Everything below from the line with "2012 Instructions for Form 1040NR-EZ" through the line with "𝑥〗^2+1/𝑥^2 =98,then find" must be retyped exactly, except the pictures.

* Data section
○ ○ ○ ○ ○

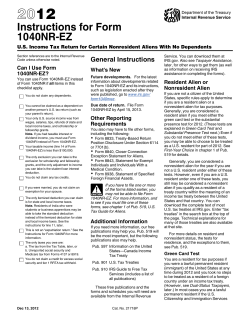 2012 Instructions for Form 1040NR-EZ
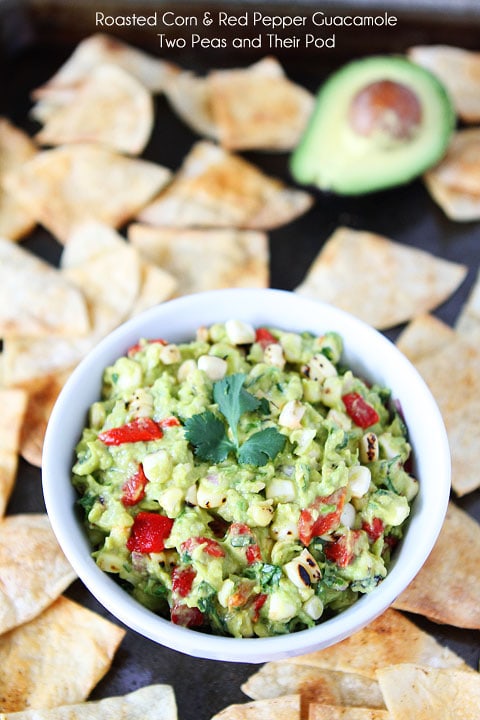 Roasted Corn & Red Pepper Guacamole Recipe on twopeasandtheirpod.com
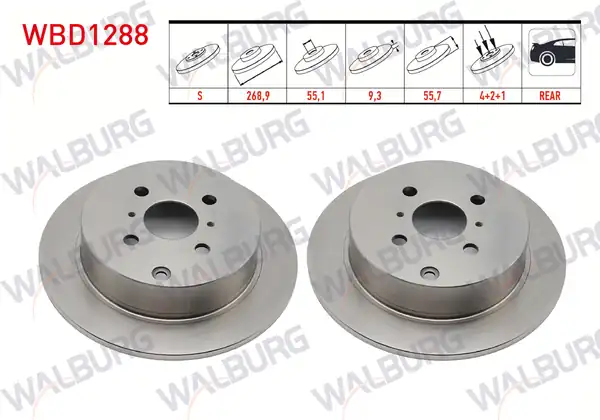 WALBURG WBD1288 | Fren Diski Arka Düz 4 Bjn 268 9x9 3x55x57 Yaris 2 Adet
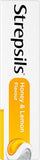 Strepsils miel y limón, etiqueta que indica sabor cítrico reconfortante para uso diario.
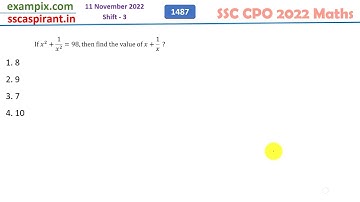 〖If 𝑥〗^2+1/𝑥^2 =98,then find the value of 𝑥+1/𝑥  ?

○ ○ ○ ○ ○

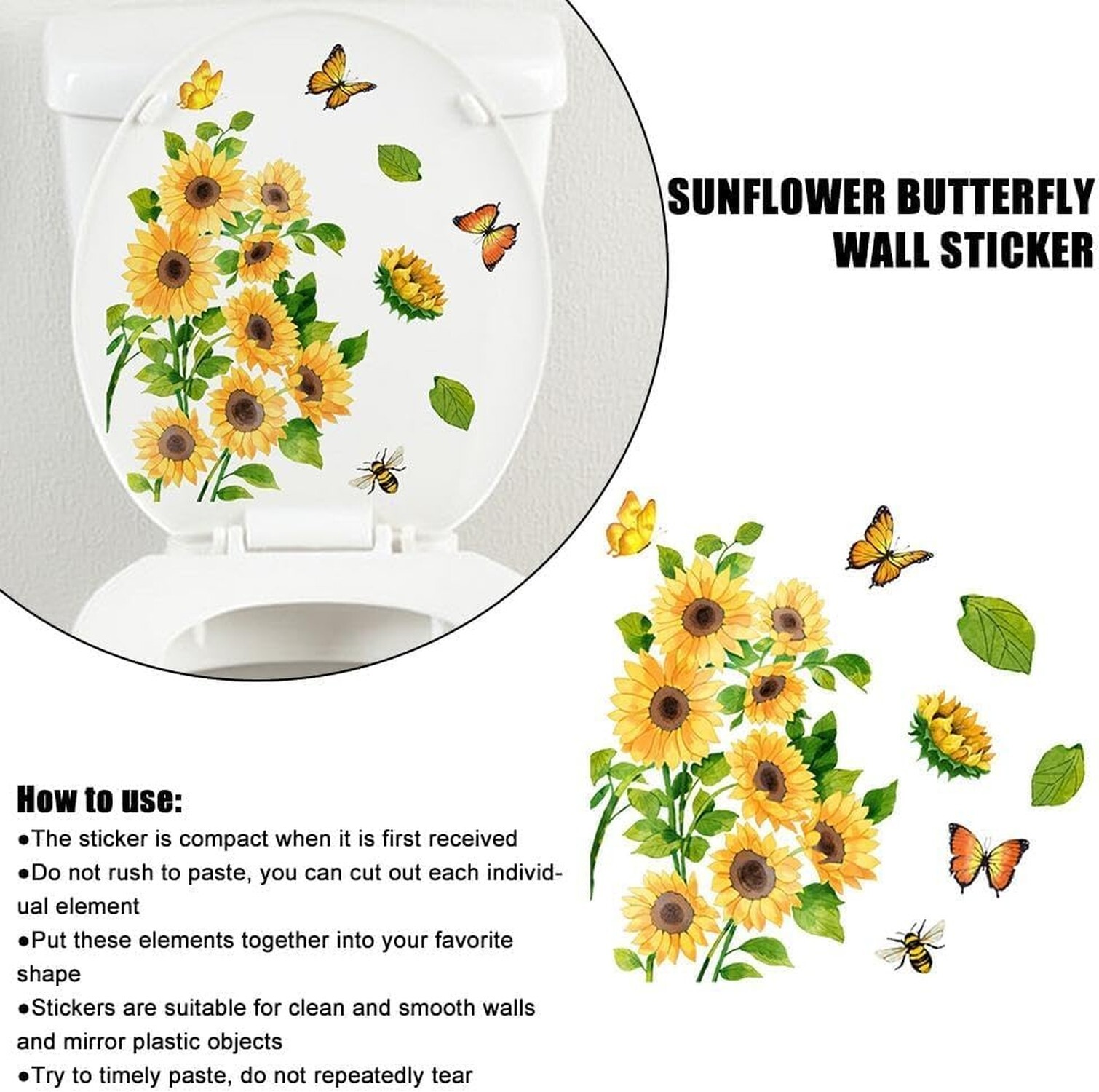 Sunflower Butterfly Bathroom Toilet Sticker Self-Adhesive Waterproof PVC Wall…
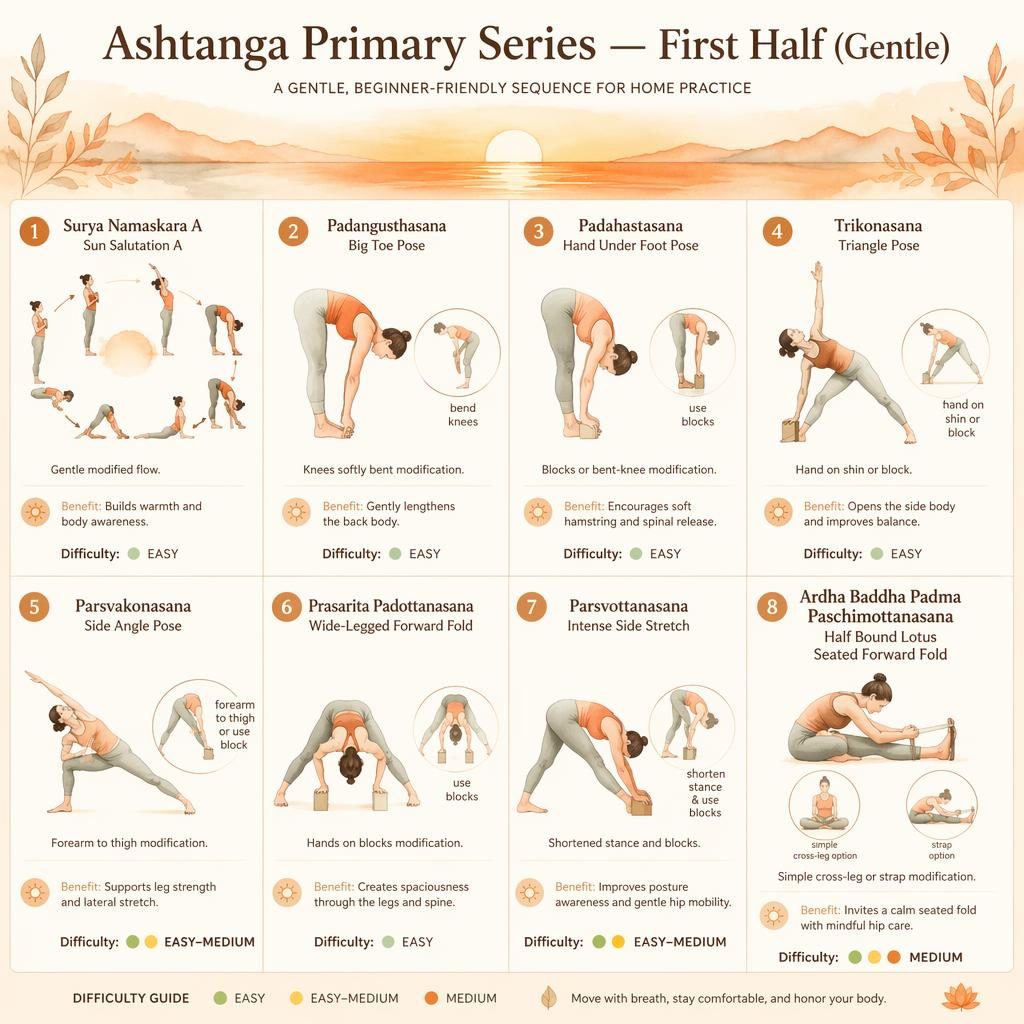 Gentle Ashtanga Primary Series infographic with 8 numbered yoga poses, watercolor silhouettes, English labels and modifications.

○ ○ ○ ○ ○

* Output of the exercise
 2012 Instructions for Form 1040NR-EZ
 Roasted Corn & Red Pepper Guacamole Recipe on twopeasandtheirpod.com
 WALBURG WBD1288 | Fren Diski Arka Düz 4 Bjn 268 9x9 3x55x57 Yaris 2 Adet
 Strepsils miel y limón, etiqueta que indica sabor cítrico reconfortante para uso diario.
 〖If 𝑥〗^2+1/𝑥^2 =98,then find the value of 𝑥+1/𝑥  ?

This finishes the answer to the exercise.